# to install LR/Mogrify what i need?



## mantra (Aug 16, 2008)

Hi
well i installed ,extract mogrify in my lightroom folder , i use lightroom 1.4.1

well i can see the in the export the mogrify panel

but there is a path where i have to indicate where ImageMagick is

now , what i need to download?

is there a imagemagick standalone exe , i mean a program of 8mb to download?

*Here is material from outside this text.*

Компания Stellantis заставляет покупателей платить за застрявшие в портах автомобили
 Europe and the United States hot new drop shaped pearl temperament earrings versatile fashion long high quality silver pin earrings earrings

in short with file should i download?:roll::roll: to make it work
thanks
have a nice day


----------



## Brad Snyder (Aug 16, 2008)

Giovanni, go here:

http://www.imagemagick.org/script/binary-releases.php#windows

Scroll down to *bottom* of page. then download the top file. See attachment:


----------



## mantra (Aug 17, 2008)

Brad Snyder said:


> Giovanni, go here:
> 
> http://www.imagemagick.org/script/binary-releases.php#windows
> 
> Scroll down to *bottom* of page. then download the top file. See attachment:



thanks
so do i need the all package (inside there a lof of files) ?
i guessed only the *exe


----------



## Brad Snyder (Aug 17, 2008)

Don't know, let us know what you find out.


----------



## tvds (Aug 21, 2008)

Just install it (so the exe).

I did it yesterday... or was it the day before.

Well anyhow, after installing you will have to point the plugin to the right mogrify directory / file.

Oh well, look at this post  
http://www.lightroomqueen.com/community/showthread.php?t=2749


----------